In the fall of 1982, a pre-sale was obtained from Channel Four Television in Great Britain, making possible the completion of Perfect Lives. John Sanborn, the television director, designed an elaborate shooting and editing plan for the visual elements of Ashley’s score. The post-production was completed this August (1983) at VCA Teletronics, under the supervision of Dean Winkler, who worked with Sanborn on image processing and was the videotape editor. Since its premiere on Great Britain’s Channel Four in 1984 PERFECT LIVES has been broadcast throughout Europe and in various cities in the United States.
PERFECT LIVES was produced with support from the National Endowment for the Arts (Media and Visual Arts Programs), the New York State Council on the Arts (Media Program), the Rockefeller Foundation, the Ford Foundation, and the Beards Fund.

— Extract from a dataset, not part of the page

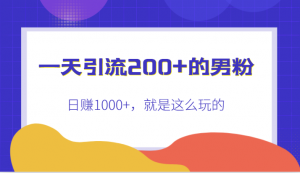 一天引流200+的男粉,日赚1000+,就是这么玩的-KJ分享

Over the years Lovely Music has made various formats of PERFECT LIVES available: on audio cassette in 1984; on CD in 1991, for which the audio track was re-mastered by Allan Tucker at Foothill Digital; on VHS in 1994; and in 2005, on DVD, completely re-mastered at Blink Digital under the supervision of Dean Winkler, available in both NTSC and PAL.
In 1991, Burning Books (Santa Fe) published a hard cover edition of PERFECT LIVES’ libretto, edited by Melody Sumner Carnahan, with Robert Ashley’s commentary, also available through Lovely Music.